Collected data entries
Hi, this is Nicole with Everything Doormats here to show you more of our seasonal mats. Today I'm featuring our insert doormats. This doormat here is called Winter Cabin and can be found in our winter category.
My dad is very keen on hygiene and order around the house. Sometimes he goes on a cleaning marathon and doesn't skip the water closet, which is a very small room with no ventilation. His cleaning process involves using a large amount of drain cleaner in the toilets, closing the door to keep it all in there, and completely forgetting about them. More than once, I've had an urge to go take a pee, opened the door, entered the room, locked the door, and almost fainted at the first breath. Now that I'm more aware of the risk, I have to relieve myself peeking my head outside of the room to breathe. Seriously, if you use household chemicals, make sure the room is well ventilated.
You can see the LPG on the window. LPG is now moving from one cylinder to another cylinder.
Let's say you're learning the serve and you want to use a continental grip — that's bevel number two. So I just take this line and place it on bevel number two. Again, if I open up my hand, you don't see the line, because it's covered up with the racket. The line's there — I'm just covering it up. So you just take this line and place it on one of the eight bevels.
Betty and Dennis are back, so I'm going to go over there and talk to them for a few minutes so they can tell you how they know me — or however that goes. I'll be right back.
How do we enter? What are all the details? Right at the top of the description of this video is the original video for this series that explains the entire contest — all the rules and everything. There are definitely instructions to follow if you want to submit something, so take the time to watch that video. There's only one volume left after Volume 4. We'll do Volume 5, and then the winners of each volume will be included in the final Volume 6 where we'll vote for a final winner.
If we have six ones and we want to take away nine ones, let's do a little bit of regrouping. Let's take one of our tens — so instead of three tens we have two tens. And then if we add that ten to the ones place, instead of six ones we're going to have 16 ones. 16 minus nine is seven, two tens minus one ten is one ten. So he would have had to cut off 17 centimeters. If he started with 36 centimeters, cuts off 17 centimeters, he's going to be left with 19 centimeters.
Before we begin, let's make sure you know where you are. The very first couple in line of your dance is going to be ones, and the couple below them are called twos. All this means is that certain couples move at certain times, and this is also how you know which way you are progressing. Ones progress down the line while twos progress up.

...

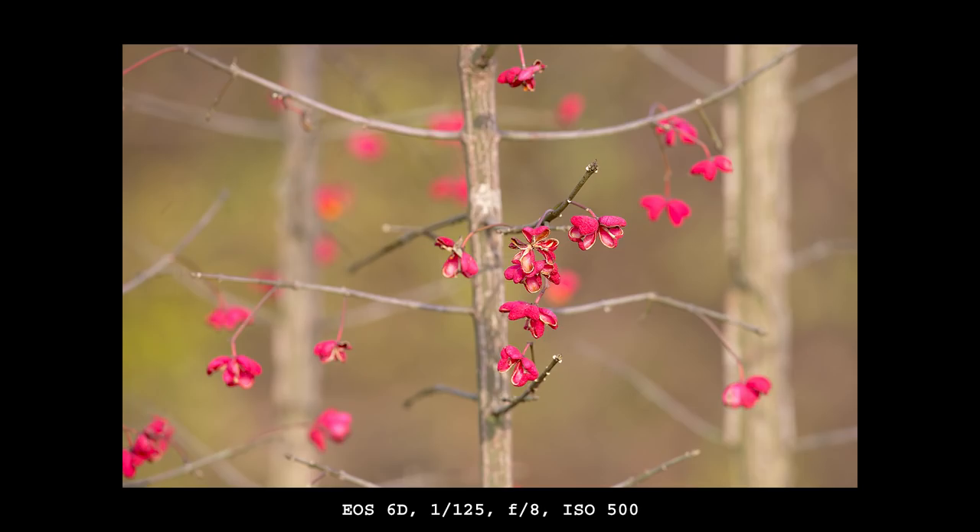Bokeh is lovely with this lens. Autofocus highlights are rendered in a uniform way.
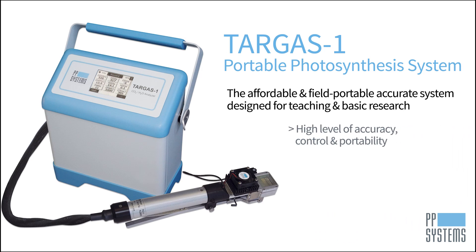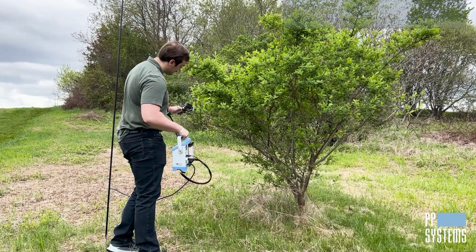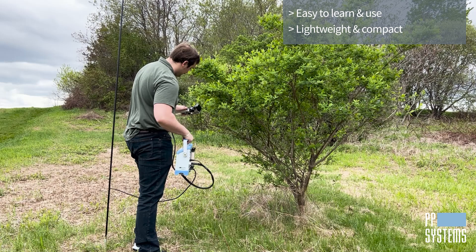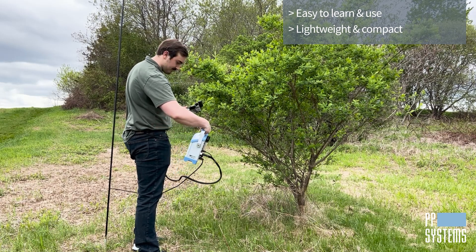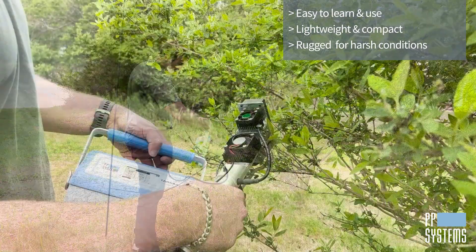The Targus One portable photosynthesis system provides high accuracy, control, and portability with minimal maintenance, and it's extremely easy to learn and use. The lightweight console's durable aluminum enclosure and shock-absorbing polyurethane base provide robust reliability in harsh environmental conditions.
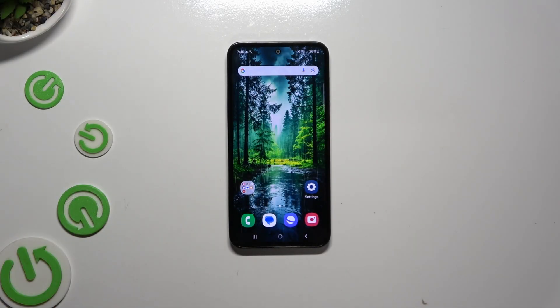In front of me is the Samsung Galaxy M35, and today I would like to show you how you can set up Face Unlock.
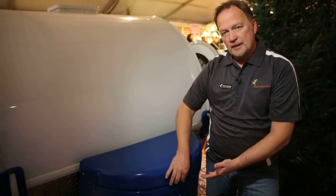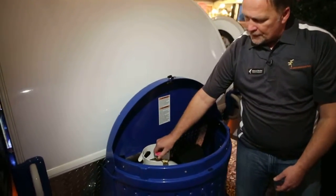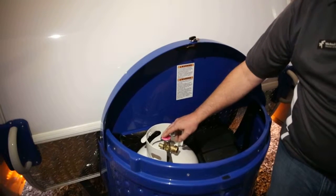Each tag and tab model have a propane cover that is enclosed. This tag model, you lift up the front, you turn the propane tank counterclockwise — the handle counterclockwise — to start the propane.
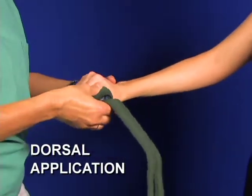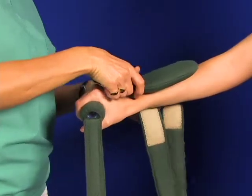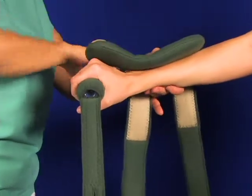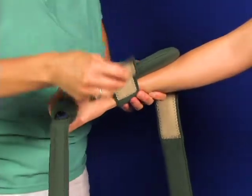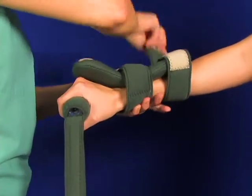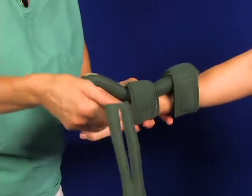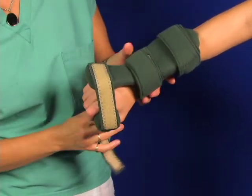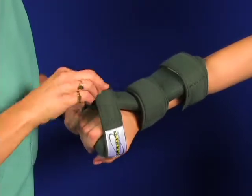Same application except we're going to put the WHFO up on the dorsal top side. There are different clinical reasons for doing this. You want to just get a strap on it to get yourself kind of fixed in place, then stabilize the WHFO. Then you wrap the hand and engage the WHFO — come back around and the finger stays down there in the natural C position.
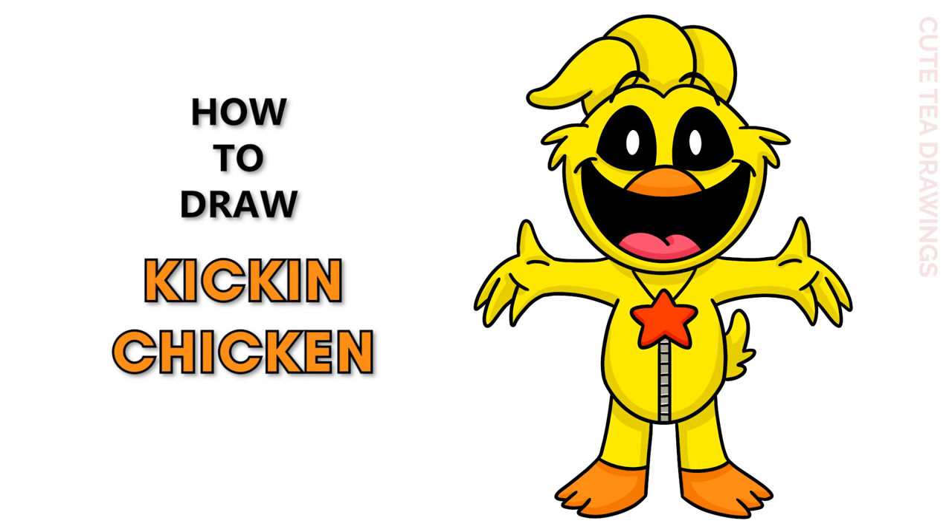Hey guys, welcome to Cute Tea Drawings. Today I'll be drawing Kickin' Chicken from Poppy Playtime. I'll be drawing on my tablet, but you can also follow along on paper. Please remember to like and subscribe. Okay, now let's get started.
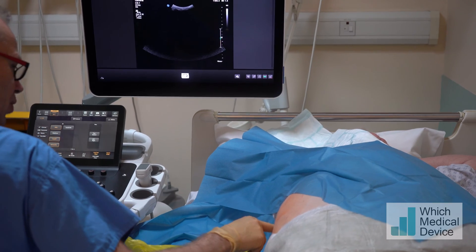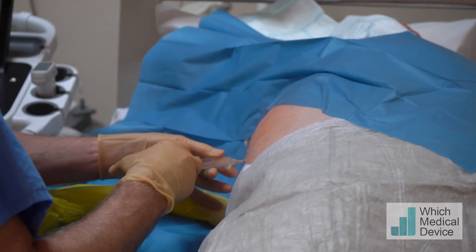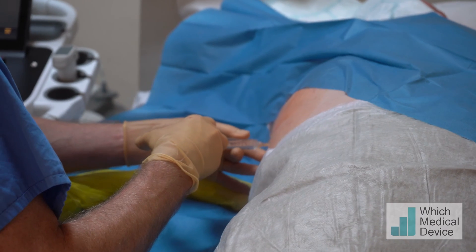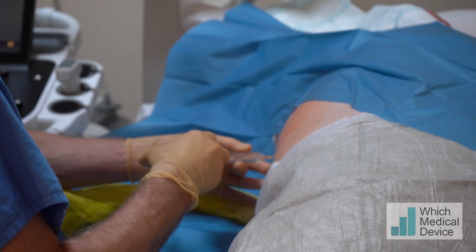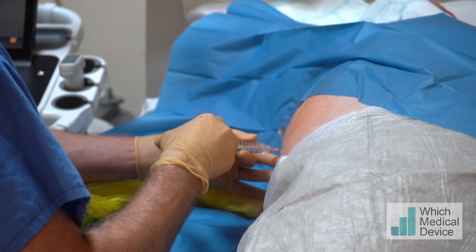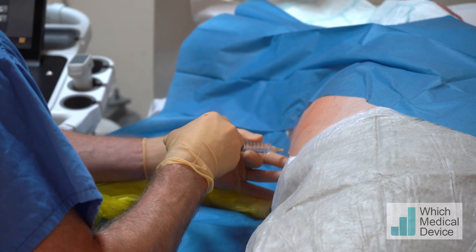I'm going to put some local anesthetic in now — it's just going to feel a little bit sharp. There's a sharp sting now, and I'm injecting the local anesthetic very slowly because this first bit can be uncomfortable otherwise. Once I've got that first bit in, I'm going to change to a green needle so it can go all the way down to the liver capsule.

Assigned task
Return each line of the records above in which the word "called" occurs.

Exercise solution
Hi, this is Nicole with Everything Doormats here to show you more of our seasonal mats. Today I'm featuring our insert doormats. This doormat here is called Winter Cabin and can be found in our winter category.
Before we begin, let's make sure you know where you are. The very first couple in line of your dance is going to be ones, and the couple below them are called twos. All this means is that certain couples move at certain times, and this is also how you know which way you are progressing. Ones progress down the line while twos progress up.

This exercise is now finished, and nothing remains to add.